*** INFORMATION GIVEN ***

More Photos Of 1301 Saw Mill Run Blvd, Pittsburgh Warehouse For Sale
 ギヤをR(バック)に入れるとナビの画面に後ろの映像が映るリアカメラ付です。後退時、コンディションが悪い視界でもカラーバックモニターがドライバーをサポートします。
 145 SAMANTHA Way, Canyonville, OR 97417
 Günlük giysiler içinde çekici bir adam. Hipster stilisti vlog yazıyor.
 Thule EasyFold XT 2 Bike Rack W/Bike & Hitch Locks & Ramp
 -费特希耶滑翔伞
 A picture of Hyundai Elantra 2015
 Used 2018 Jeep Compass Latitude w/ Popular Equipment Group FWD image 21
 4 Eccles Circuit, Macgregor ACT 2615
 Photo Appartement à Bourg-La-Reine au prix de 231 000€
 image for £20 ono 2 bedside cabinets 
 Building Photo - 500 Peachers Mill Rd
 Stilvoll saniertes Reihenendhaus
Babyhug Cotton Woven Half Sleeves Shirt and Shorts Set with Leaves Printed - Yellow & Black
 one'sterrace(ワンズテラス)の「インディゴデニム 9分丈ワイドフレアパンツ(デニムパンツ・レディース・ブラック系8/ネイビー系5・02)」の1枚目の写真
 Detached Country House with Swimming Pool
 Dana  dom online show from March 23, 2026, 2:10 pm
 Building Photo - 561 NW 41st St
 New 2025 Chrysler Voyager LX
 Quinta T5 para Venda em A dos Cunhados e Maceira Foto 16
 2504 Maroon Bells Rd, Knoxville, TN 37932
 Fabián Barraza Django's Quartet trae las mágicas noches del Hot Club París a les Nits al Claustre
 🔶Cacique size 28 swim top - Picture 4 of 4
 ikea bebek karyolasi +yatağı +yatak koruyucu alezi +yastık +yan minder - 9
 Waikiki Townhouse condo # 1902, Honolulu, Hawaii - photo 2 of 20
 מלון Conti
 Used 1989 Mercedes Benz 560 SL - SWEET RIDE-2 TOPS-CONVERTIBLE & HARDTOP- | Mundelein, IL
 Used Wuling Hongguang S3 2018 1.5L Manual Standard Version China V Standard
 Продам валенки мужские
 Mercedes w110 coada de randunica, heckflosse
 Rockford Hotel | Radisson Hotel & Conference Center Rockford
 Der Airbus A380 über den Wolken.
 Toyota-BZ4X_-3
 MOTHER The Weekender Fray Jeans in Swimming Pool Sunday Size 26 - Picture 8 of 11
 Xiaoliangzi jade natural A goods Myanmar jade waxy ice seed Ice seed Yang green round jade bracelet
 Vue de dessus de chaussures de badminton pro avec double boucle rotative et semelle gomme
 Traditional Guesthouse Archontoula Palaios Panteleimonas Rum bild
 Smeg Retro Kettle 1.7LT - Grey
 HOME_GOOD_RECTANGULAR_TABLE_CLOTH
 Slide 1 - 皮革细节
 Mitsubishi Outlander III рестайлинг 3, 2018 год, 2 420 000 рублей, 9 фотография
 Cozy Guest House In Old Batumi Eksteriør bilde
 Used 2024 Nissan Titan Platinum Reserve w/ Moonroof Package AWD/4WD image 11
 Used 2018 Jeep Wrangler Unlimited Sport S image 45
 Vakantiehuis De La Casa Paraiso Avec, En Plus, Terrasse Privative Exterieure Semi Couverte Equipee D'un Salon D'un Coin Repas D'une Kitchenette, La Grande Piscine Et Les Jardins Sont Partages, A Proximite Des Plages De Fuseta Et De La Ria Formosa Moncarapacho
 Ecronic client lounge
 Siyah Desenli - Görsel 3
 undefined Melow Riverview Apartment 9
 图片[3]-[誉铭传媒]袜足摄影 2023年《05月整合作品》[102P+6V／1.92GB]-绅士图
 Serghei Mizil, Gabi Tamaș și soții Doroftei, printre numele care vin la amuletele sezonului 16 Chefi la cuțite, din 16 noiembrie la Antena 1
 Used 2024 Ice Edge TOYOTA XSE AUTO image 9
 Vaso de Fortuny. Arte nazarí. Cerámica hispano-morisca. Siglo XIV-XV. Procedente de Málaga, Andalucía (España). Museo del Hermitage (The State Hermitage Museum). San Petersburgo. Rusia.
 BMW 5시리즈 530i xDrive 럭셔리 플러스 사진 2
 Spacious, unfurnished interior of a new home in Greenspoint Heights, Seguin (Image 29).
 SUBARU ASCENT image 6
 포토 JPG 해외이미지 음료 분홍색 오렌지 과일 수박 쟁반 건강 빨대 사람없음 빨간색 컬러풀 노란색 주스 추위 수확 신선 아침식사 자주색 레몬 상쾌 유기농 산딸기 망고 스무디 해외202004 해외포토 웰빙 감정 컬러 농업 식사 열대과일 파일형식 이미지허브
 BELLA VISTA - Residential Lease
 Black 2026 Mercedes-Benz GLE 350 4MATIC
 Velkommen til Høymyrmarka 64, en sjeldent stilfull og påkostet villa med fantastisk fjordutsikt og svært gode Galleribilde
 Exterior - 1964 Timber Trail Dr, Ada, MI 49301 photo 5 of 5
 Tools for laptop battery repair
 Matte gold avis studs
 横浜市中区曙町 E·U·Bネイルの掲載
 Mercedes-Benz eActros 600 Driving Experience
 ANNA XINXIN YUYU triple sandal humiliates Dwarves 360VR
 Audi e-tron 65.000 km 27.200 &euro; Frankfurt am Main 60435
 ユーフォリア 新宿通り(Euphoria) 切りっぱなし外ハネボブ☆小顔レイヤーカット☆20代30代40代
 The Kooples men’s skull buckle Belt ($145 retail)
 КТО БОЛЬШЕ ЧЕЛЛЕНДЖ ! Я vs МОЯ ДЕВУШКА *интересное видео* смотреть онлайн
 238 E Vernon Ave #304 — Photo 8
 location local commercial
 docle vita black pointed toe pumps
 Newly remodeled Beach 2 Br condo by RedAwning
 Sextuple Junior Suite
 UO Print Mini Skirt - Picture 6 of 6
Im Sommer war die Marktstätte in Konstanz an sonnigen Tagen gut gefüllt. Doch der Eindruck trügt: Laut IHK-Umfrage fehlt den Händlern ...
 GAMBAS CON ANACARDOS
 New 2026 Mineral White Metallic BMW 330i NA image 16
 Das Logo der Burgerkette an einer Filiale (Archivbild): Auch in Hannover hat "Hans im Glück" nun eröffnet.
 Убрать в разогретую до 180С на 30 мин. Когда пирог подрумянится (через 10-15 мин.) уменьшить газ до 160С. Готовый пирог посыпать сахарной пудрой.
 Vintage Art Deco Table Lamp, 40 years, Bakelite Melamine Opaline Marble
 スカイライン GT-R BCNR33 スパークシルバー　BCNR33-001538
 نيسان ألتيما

***

PROBLEM DETAILS - Given the records above, return exactly the lines starting at the line containing "Photo Appartement à" and ending at the line containing "Detached Country House with Swimming Pool", including both.

EXERCISE RESULT -
 Photo Appartement à Bourg-La-Reine au prix de 231 000€
 image for £20 ono 2 bedside cabinets 
 Building Photo - 500 Peachers Mill Rd
 Stilvoll saniertes Reihenendhaus
Babyhug Cotton Woven Half Sleeves Shirt and Shorts Set with Leaves Printed - Yellow & Black
 one'sterrace(ワンズテラス)の「インディゴデニム 9分丈ワイドフレアパンツ(デニムパンツ・レディース・ブラック系8/ネイビー系5・02)」の1枚目の写真
 Detached Country House with Swimming Pool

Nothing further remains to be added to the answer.